Carr is almost the perfect running back for the modern game. At 6’0” 202 lbs., he has the size to run between the tackles and pick up the difficult yards. However, that is merely just the beginning of Carr’s skillset. He has excellent hands for a running back and can easily double as a slot receiver similar to former USC running back Tre Madden. This ability to catch the ball could be a key area where he can be a difference maker early in his career.

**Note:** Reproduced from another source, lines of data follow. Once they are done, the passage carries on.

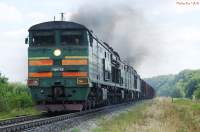 210-3501 + 2916      - 07.09.2011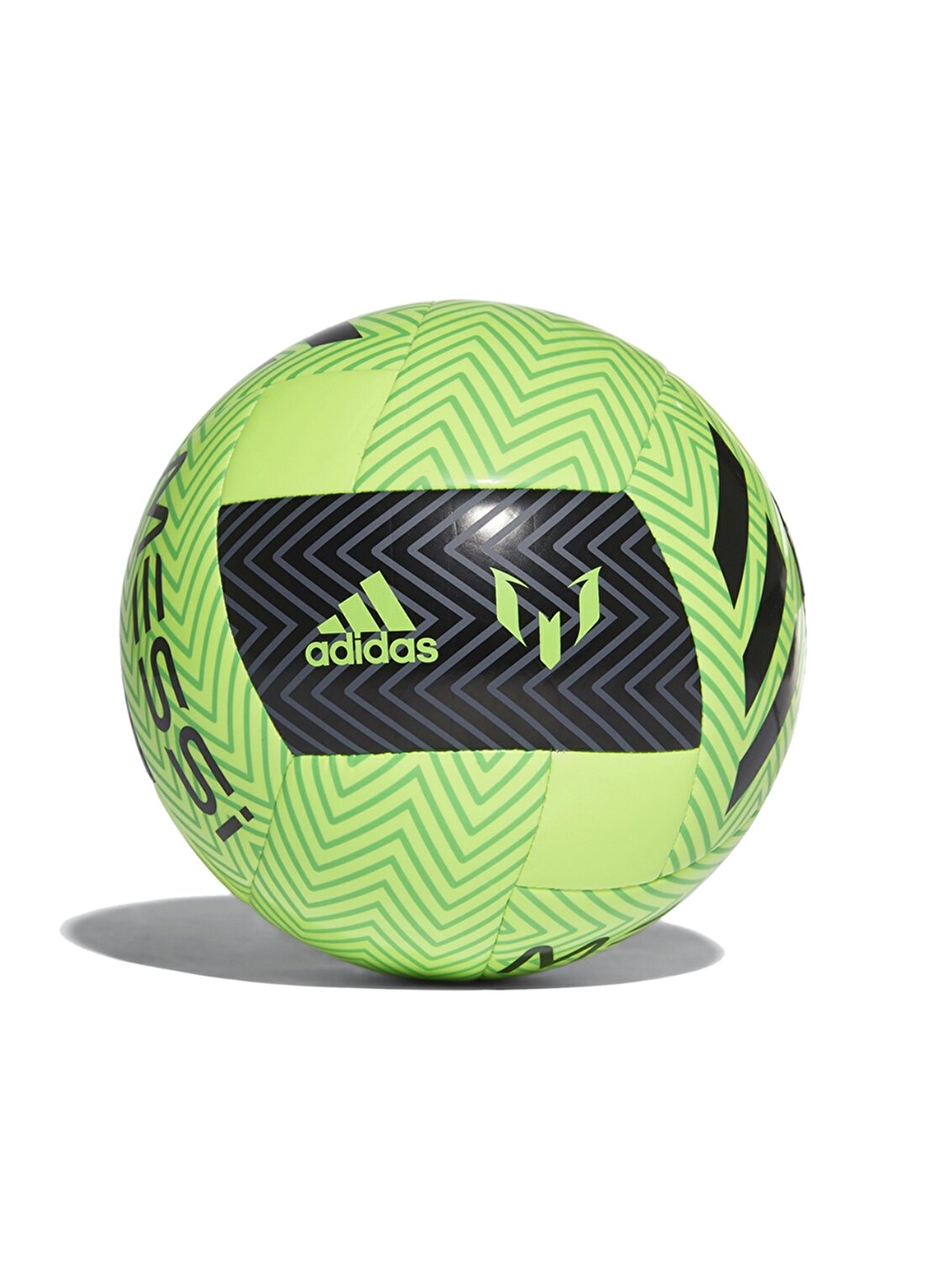 Adidas Messi Q3 Futbol Topu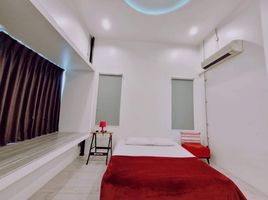 3 Schlafzimmer Villa zu verkaufen in Pattaya, Chon Buri, Huai Yai, Pattaya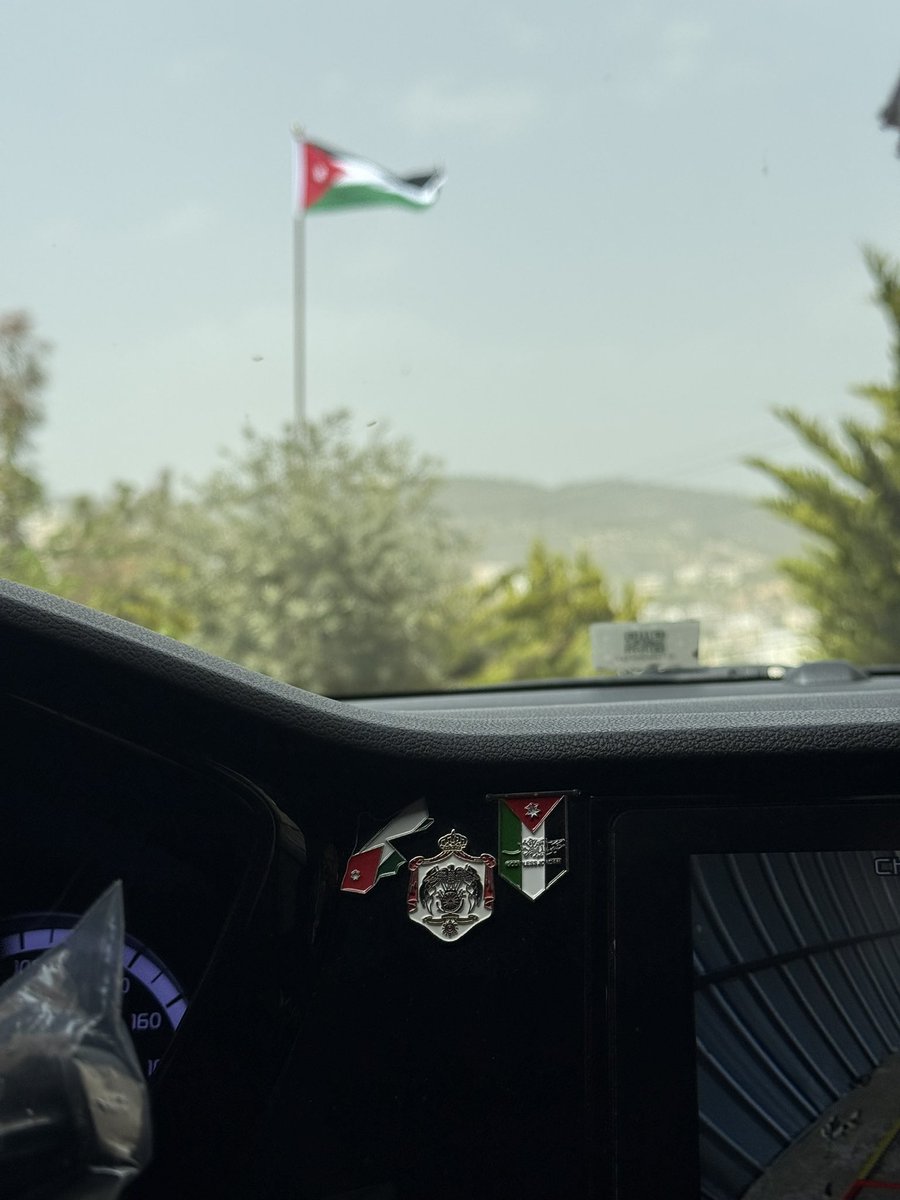 Nooh Ayassreh tweet media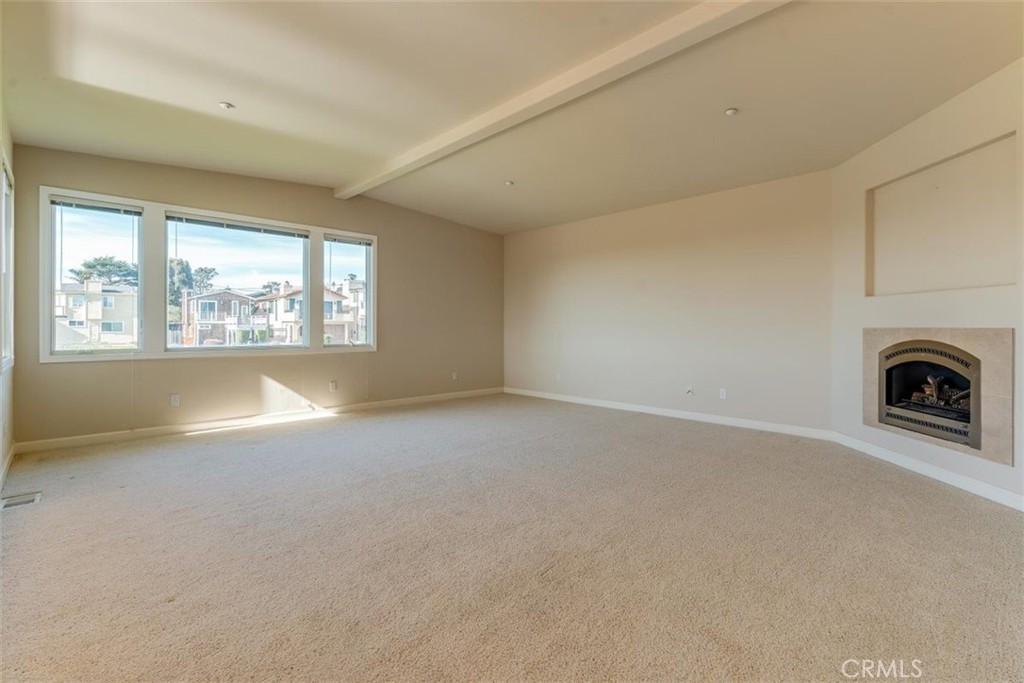 305 Ivar Street Property Photo 14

In terms of his pure athleticism, Carr is incredibly quick and agile. Bringing him down in the open field is nearly impossible as he easily makes defenders miss in one on one situations. Even though his 40 time is not elite at 4.57, Carr’s playing speed is so much faster than that number would indicate. The Army All-American breezes past defenders with ease in the open field and was nearly impossible to catch for most of his high school competition. Carr may not be the freak athlete of top running back prospect Najee Harris, but his ability to make people miss is extremely impressive. USC fans should look forward to Carr breaking the ankles of defenders as he scampers his way to many touchdowns over the course of his Trojan career.

Being that Carr is already a five-star recruit, it is difficult to make a case for him actually being underrated. However, many recruiting experts on the west coast believe that Carr should be rated even higher than what most recruiting sites give him. His combination of size, speed, agility, power, and pass-catching ability is truly rare. Although it may sound as though his praises are slightly effusive, a legitimate case can be made that Carr could already be a better running back than 1000 yard rusher Ronald Jones II.

Looking ahead, despite the hype surrounding a player of Carr’s caliber, it will be difficult for him to crack the running back rotation. The Trojans are returning Jones, Aca’Cedric Ware, and Dominic Davis—three very talented players in their own right. Being a successful college running back in all phases of the game from running the ball to picking up blitzes is difficult. That being said, USC is losing its best all-around back in Justin Davis and Jones and Ware are relatively limited to being pure rushers.

Fans should expect Jones to continue as the team’s feature back in 2017, but it should not come as much of a surprise if Carr really cuts into his playing time as the season progresses. For all that Jones does as a rusher, he is still limited in the other facets of being a running back. His pass-catching is mediocre at best and he is still prone to missing on his blocking assignments. Ware is an upgrade in those two areas, but Carr is definitely more talented than Ware. If Carr can acclimate himself to picking up the blitz on pass plays, he could immediately earn snaps as the team’s third down back. Then, if Jones leaves for the NFL after next season, Carr can step in as USC’s feature back in 2018 with Ware and Davis as the backups.

Carr is simply too talented to spend the entire 2017 season on the sidelines. Even if he struggles in certain areas, the Trojans need to ensure that he at least earns about 10 touches per game. Carr is the complete package among running backs and he has the potential to become a first round pick a few years down the road. USC would be foolish to overlook this rare talent due to his youth, but if Jones’ usage through his early years is any indication, USC fans should have little to worry about in this regard. Starting next fall, Trojan nation will finally get a glimpse of a player who could end up being one of the most dynamic players to don the cardinal and gold since Reggie Bush lit up the Coliseum 12 years ago.